I have a dictionary of conditions called rules
, which I apply to a dataframe df
. Using numpy's select()
, I create a new column in df
with the dictionary keys where ever the first condition is True. The code is as follows:
import pandas as pd
import numpy as np
df = pd.DataFrame({'col1': [1, 2, 1, 3], 'col2': [4, 4, 4, 3]})

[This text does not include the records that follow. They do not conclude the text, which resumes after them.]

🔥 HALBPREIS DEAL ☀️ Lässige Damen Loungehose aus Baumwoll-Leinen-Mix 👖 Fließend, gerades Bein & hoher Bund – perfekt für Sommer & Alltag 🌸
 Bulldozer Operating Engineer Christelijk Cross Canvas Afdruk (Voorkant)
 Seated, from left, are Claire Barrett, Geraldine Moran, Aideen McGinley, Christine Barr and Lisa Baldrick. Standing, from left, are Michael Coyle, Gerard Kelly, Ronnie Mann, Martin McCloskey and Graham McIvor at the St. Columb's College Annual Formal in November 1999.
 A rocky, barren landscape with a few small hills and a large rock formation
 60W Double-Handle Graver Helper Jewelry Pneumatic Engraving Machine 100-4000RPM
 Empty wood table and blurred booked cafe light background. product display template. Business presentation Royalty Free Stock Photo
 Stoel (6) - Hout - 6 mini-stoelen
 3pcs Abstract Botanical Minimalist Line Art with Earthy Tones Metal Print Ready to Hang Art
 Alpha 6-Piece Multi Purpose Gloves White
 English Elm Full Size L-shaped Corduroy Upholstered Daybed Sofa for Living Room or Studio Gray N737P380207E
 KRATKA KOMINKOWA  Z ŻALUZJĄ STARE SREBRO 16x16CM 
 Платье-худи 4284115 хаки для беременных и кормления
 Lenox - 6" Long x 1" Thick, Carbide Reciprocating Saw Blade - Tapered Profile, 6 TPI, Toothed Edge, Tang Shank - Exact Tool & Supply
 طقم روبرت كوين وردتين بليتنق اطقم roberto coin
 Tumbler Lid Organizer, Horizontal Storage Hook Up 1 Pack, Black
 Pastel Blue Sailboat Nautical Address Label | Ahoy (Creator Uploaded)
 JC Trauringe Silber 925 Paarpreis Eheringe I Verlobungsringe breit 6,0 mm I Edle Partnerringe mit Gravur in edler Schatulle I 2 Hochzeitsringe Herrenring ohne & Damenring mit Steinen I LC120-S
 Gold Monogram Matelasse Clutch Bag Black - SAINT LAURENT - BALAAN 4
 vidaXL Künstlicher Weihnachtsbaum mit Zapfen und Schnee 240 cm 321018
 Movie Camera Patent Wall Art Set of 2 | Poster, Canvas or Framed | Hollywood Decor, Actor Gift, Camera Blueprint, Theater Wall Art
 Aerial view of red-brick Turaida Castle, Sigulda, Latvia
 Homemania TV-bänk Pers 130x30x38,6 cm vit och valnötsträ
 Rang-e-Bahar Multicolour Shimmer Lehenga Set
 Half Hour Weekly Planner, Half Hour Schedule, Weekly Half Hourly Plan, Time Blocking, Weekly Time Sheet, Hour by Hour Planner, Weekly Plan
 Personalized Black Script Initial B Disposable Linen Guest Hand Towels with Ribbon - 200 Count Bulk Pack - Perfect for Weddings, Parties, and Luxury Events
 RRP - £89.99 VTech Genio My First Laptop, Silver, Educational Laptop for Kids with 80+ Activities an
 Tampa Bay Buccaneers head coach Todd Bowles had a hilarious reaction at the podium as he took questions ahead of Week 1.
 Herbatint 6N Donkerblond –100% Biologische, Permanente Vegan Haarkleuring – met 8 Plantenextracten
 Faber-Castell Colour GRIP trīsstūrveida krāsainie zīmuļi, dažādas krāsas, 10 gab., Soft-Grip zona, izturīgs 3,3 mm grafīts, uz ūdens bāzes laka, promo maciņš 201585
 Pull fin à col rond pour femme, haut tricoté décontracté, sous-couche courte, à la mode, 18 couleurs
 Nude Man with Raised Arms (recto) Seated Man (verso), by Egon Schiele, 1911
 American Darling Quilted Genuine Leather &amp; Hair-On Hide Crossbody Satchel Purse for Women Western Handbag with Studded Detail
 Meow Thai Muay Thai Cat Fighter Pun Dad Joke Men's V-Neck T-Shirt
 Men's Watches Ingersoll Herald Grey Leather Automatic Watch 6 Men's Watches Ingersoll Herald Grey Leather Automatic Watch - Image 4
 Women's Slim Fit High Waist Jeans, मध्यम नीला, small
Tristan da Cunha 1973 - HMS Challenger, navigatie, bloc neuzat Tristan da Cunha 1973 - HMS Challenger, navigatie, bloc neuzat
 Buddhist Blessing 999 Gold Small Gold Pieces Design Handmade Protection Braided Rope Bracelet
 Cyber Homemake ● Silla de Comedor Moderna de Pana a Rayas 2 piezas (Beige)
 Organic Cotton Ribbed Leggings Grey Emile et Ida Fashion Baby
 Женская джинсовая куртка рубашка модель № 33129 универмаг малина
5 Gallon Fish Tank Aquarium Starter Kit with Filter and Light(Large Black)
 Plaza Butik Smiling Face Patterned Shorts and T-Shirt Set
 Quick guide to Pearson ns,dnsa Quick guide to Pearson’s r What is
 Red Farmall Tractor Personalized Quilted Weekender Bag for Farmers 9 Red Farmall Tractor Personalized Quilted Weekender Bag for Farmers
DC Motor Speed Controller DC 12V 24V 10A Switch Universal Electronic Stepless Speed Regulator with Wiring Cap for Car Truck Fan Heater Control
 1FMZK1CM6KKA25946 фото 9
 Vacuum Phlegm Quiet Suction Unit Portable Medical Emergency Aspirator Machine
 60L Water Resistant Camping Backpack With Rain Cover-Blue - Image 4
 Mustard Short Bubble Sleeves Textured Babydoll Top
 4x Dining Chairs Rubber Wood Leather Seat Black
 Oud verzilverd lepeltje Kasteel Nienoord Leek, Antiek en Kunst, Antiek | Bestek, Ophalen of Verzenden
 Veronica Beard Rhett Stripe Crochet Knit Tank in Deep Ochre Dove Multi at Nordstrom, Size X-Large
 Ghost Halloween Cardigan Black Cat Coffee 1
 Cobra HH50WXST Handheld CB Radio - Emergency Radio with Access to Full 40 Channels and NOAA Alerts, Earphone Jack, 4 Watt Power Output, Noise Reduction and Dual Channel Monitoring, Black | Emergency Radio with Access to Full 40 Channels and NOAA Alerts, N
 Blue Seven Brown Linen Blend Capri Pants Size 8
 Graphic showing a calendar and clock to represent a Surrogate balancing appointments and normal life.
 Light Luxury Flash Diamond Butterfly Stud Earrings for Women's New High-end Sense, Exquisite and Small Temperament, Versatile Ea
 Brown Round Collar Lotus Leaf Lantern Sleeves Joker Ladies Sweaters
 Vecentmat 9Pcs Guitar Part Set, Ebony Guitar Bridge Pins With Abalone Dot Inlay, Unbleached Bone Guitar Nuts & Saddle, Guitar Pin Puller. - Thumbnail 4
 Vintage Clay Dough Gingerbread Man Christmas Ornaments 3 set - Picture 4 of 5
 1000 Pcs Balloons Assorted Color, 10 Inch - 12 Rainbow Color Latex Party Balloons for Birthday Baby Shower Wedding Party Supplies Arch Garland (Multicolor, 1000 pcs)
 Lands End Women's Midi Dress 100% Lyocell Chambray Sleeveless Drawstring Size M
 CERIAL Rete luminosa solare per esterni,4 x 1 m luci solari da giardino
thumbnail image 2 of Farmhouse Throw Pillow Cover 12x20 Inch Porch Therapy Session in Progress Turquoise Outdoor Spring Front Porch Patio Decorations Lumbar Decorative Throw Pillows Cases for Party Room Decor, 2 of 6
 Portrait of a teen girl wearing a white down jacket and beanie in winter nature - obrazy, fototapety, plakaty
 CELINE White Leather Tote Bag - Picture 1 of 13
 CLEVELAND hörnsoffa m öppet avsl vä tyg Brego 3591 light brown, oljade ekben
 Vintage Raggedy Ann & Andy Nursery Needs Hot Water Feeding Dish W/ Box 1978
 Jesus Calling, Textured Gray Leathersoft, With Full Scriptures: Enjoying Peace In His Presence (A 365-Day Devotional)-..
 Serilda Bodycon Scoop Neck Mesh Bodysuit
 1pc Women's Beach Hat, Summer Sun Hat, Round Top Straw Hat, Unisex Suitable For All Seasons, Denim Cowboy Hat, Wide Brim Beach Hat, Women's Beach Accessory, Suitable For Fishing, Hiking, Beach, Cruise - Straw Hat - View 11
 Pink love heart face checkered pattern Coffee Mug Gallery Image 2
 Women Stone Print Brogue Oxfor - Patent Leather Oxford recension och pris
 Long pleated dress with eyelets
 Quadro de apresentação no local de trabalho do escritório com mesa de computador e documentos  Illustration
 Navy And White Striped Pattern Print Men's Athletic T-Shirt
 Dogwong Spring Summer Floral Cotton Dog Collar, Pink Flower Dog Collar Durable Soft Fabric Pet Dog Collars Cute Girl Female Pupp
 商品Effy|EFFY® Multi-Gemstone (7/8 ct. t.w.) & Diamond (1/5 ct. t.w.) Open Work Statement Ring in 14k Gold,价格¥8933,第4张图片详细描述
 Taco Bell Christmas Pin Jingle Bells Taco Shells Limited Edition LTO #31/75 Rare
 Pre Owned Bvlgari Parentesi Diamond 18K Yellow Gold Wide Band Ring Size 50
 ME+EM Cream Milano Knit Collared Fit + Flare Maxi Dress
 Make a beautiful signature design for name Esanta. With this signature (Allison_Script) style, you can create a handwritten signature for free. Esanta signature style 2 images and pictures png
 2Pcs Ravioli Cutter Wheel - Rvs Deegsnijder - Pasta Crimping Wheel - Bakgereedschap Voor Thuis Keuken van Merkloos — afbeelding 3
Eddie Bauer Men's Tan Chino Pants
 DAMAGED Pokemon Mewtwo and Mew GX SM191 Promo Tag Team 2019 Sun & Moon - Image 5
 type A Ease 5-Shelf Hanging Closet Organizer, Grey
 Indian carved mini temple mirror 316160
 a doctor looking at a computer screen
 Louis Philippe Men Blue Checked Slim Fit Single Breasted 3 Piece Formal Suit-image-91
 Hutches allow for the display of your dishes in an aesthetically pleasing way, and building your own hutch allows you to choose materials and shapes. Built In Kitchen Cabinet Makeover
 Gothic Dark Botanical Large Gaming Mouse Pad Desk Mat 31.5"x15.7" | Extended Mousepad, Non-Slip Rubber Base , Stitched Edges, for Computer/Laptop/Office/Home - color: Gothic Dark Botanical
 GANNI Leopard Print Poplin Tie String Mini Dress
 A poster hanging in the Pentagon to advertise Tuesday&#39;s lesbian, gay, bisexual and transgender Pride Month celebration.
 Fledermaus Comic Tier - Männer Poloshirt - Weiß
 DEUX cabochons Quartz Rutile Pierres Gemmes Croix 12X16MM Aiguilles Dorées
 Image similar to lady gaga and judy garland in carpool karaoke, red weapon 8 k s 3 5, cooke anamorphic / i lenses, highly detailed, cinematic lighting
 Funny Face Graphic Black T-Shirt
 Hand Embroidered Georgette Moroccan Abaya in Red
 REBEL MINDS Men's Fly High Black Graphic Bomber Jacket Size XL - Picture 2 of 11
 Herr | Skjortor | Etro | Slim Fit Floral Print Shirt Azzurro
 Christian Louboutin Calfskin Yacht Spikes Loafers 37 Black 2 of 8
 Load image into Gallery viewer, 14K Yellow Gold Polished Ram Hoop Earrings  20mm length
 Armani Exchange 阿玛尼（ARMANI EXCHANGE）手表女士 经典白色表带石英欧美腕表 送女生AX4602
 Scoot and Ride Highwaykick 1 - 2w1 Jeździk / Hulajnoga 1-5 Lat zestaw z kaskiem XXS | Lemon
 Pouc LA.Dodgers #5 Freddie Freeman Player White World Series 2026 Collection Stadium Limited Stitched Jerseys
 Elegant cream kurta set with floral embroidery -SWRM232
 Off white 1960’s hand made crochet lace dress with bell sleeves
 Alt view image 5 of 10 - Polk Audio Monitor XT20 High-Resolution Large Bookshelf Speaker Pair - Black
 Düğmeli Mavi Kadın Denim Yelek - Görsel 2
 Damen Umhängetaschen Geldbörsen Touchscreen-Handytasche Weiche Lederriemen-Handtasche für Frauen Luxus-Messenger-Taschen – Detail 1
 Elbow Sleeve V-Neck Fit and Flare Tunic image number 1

rules = {"Alert 1": df["col1"] == 1,
"Alert 2": df["col2"] == 4}
df['alert'] = np.select(rules.values(), rules.keys(), default = None)
df
Out[2]:
col1 col2 alert
0 1 4 Alert 1
1 2 4 Alert 2
2 1 4 Alert 1
3 3 3 None
I would like to change the dictionary rules
such that it consists of vectors that contain the original conditions plus a priority value. In addition to the dictionary key being written to df
, I would like this priority to be written as well. Modification to rules
, as well as my attempt to write both the dictionary key and priority to df
:
df = pd.DataFrame({'col1': [1, 2, 1, 3], 'col2': [4, 4, 4, 3]})
rules = {"Alert 1": [df["col1"] == 1, "High"],
"Alert 2": [df["col2"] == 4, "Medium"]}
df['alert'] = np.select(rules.values()[0], rules.keys(), default = None)
df['priority'] = np.select(rules.values()[0], rules.values()[1], default = None)
I get an error.
Ideally, I would like the output
col1 col2 alert priority
0 1 4 Alert 1 High
1 2 4 Alert 2 Medium
2 1 4 Alert 1 High
3 3 3 None None
Is there a way to accomplish this?
P.S. I need to keep the priority with the condition in the dictionary. I don't want a separate dictionary which maps the priority onto the dictionary key.
CodePudding user response:
If you wanted to stick with your current approach, you could use tuples to contain all of the values you need for each key. In this case you just need to pull the values at index 0 for the alert
and map the resulting values to index 1 for the priority
import pandas as pd
import numpy as np
df = pd.DataFrame({'col1': [1, 2, 1, 3], 'col2': [4, 4, 4, 3]})
rules = {"Alert 1": ([df["col1"] == 1, "High"]),
"Alert 2": ([df["col2"] == 4, "Medium"])}
df['alert'] = np.select([x[0] for x in rules.values()], rules.keys(), default = None)
df['priority'] = df['alert'].map({k:v[1] for k,v in rules.items()})
Output
col1 col2 alert priority
0 1 4 Alert 1 High
1 2 4 Alert 2 Medium
2 1 4 Alert 1 High
3 3 3 None NaN